А Людочка ушла. Потом вернулась. Потом снова ушла. И снова вернулась. Беременной она не была, но на аборт у моего брата деньги взяла. Просто она хотела, чтобы он мучился. Не из-за денег, конечно же, – когда моему брату был двадцать один год, он совершенно не мучился из-за денег – их у него было совсем мало, мучиться из-за денег он стал, когда у него их, денег, стало много… В общем, Людочка некоторое время походила туда-сюда. И похоже, она на самом деле очень любила моего брата, но не могла простить ему измену. Потому что Людочка хоть и была истеричная и Макиавелли такое, что мне ещё какать и какать, но всё равно была очень гордая – и свои понятия о достоинстве и всякой прочей чести у неё были. Похоже, что и Танечка очень любила моего брата, и даже готова была прощать ему измены, но брат, пережив пару-тройку сильных влюблённостей, решил пережить ещё с пяток-другой. А у Танечки не было времени на хождения туда-сюда и по прочим мукам (особенно мукам в виде моей мамы), потому что у неё был двухлетний ребёнок, и вообще она была спокойная. И ей хотелось семьи и вовсе не хотелось ни сэспенса, ни хорорра, которые в её жизнь щедро привносили мой брат и моя мама. Я же, решив для себя раз и навсегда, что краеугольные камни не выбирают, так и жила с этим раз и навсегда принятым решением много-много лет. Аж почти до самой старости, такой, как у Танечки, – до самых почти до двадцати пяти лет жила с этим решением. А потом перерешила на то, что только мы сами себе – краеугольные камни. И сами же себе – манные каши. Иногда мы – рагу из мелко покрошенных краеугольных камней и застывших монолитов манной каши. И что любая рецептура на предмет усовершенствования этого блюда будет всего лишь страшно вторичной и местами даже протухшей.

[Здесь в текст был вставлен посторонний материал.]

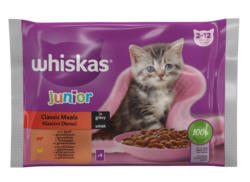 Whiskas Пауч за котки различни видове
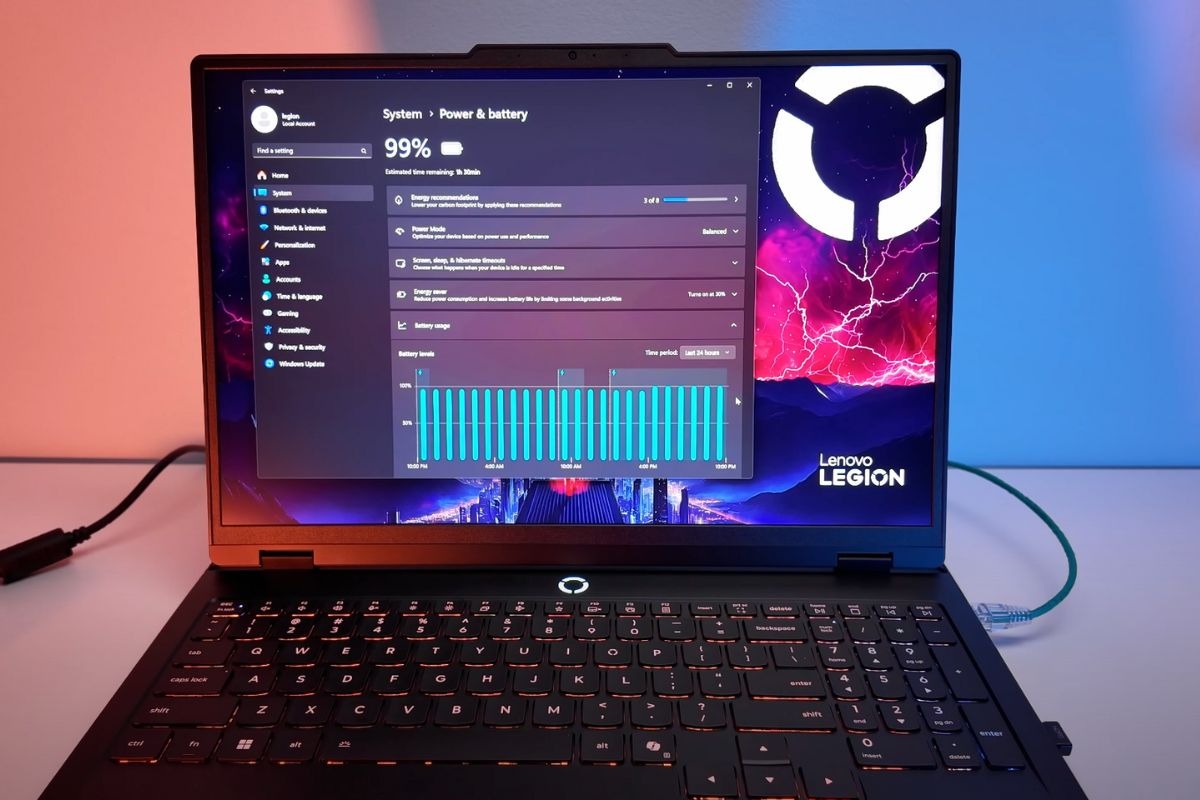 Trải nghiệm hiển thị sống động, hình ảnh “cực đã” trên Lenovo Legion 5 15AHP10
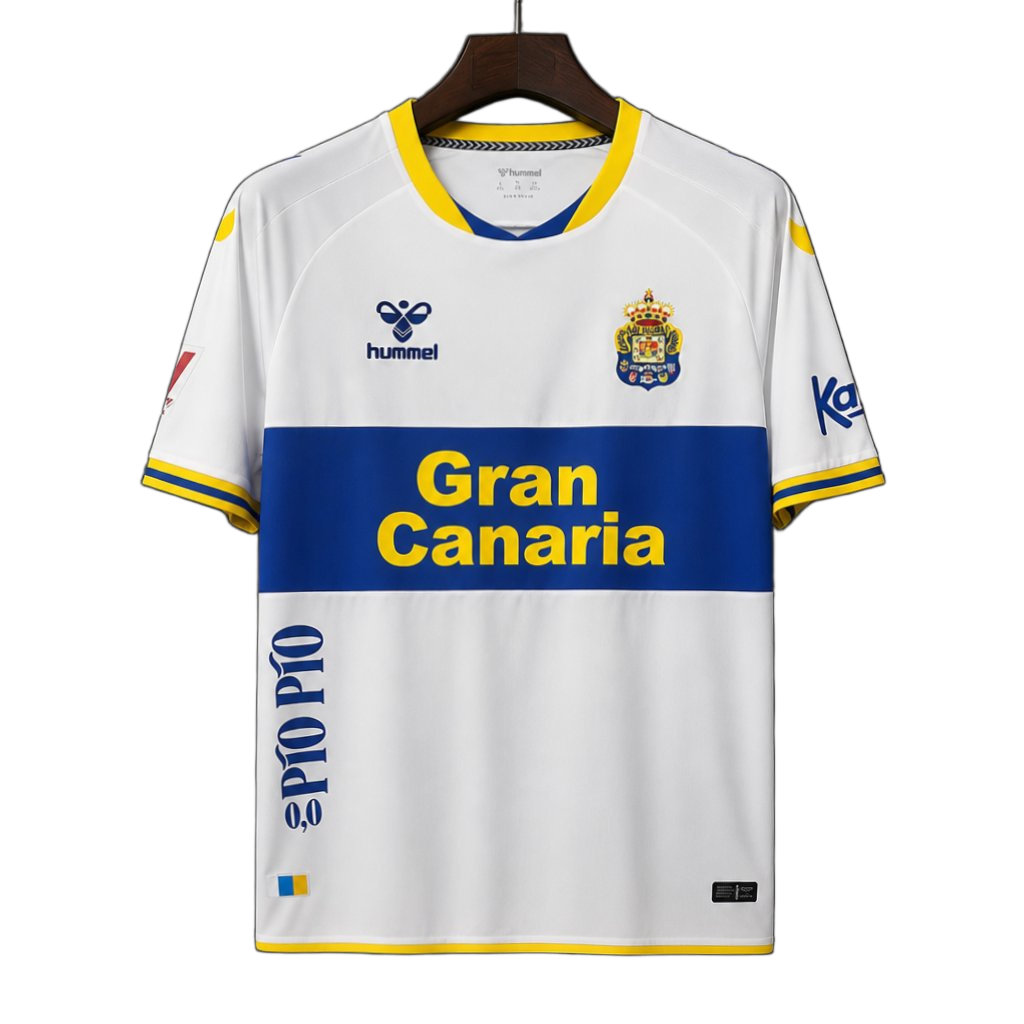 UD Las Palmas 2026/27 Third Jersey – White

Не так давно старый еврей на своей кухне в самом центре города Москвы сказал мне, что я похожа на Анжелику.


– На какую, на Анджелину Джоли, что ли? – уточнила я.

– Вот дура! – сказал мне старый еврей. – На Анжелику… Из этих… Ну, «Анжелика и король», «Анжелика, маркиза ангелов». Из этой всякой лабуды. Старое кино. Ты тогда ещё маленькая была. Вот на неё.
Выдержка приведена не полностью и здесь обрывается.